The Responding to Climate Change Channel is delighted to welcome Emma Archer and Johan Lilliestam as a Channel Editors!

The Responding to Climate Change Channel highlights research efforts from a range of disciplines focused on understanding, evaluating, predicting, mitigating, and adapting to the causes and effects of the changing climate. Joining Channel Editors Juan Antonio Añel, Vanesa Magar and João Miguel Dias, Emma will bring her expertise in climate variability with a focus on drylands, while Johan will bring his expertise in renewable energy policies and strategies to the team.

Meet Our New Channel Editors

Emma Archer

I am based at the University of Pretoria in the Department of Geography, Geoinformatics and Meteorology in South Africa. Prior to this appointment, I served for more than a decade as a Principal and Chief Researcher in Natural Resources and the Environment, at the Council for Scientific and Industrial Research (CSIR). A geographer by training, with a research focus on drylands, I have experience throughout the SADC region and Africa. From 2015 to 2018, I served as Co- Chair for the Intergovernmental Platform on Biodiversity and Ecosystem Services (IPBES) Africa Assessment. I have also served as a Coordinating Lead Author (CLA) on the Forests and Water Assessment of the Global Forestry Expert Panels (GFEP), and as a Review Editor on GEO-6. In 2018, I was appointed as a Global Land Programme Fellow. My twitter handle is @EmmaArchervG.

Johan Lilliestam

I am Assistant Professor of Renewable Energy Policy at ETH Zürich, Switzerland, and head the research group with that same name. My research focuses on policies and strategies for the complete decarbonisation of the energy system using only renewables. In this, my team and I conduct problem-driven, interdisciplinary science, rooted in transitions research but drawing on a diverse set of theories and methods, especially from the social sciences. At the ETH, we are supported by a grant from the European Research Council for our work on interactions and policy mixes for the energy transition. In addition, we work intensively on policies to support the development and deployment of immature renewable energy technologies, in particular concentrating solar power. A further emerging focus of our work is on the use(fulness) of energy models and ways to make them more appropriate tools for policy advice.

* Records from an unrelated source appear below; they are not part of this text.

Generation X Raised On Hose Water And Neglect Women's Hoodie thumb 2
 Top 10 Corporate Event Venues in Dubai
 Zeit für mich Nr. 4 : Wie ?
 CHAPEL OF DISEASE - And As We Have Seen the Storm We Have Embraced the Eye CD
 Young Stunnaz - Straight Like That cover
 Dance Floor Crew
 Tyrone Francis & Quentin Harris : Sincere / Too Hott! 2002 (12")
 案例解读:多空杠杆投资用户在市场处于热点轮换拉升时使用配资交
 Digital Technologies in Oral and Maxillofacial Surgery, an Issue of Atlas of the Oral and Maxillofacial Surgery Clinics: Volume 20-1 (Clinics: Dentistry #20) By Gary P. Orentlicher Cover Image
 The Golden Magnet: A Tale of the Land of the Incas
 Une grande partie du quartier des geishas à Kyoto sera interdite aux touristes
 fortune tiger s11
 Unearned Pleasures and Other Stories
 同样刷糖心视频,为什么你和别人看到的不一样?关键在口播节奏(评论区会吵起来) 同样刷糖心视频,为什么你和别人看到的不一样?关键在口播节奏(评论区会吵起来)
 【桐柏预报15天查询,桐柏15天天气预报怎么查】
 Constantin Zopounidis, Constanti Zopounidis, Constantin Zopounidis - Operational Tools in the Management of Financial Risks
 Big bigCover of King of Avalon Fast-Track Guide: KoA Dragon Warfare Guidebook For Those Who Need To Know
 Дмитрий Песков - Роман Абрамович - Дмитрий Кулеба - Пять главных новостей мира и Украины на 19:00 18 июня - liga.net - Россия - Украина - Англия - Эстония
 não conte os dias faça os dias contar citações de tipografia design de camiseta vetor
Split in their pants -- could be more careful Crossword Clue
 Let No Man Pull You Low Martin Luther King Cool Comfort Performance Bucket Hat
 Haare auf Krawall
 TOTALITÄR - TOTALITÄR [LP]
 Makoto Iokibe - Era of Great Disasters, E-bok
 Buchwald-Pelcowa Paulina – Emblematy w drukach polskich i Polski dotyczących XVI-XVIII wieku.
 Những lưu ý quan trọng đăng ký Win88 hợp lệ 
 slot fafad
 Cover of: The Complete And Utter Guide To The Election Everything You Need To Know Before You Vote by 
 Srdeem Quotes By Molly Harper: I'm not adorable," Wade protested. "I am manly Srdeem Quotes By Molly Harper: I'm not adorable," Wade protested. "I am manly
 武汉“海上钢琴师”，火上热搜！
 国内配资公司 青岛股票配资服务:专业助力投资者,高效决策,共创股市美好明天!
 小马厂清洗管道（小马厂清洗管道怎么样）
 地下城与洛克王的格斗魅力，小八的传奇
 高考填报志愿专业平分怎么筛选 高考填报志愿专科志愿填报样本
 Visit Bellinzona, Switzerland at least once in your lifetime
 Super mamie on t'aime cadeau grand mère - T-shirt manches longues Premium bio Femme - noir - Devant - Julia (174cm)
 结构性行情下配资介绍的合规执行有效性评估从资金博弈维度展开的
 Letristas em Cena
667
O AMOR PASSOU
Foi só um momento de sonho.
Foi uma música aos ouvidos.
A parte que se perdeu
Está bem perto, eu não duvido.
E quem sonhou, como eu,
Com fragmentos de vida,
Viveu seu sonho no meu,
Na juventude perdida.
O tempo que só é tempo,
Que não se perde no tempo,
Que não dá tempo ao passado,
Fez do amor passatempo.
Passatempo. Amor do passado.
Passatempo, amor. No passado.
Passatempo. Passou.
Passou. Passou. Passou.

From April 2019, I will be Professor of Energy Policy at the University of Potsdam, Germany, and lead the renewable energy policy team at the Institute for Advanced Sustainability Studies (IASS), also in Potsdam.

Channel Update Highlight: Editor’s Pick

In our most recent Channel update, Emma’s “Editor Pick” highlights recent work from Drs Nathan F. Dieckmann and Branden B. Johnson (Decision Research) entitled “Why do scientists disagree? Explaining and improving measures of the perceived causes of scientific disputes” published in PLOS ONE.

Fig 1. Study 2. Conceptual model tested for participants assigned to the salt and nanotechnology dispute scenarios.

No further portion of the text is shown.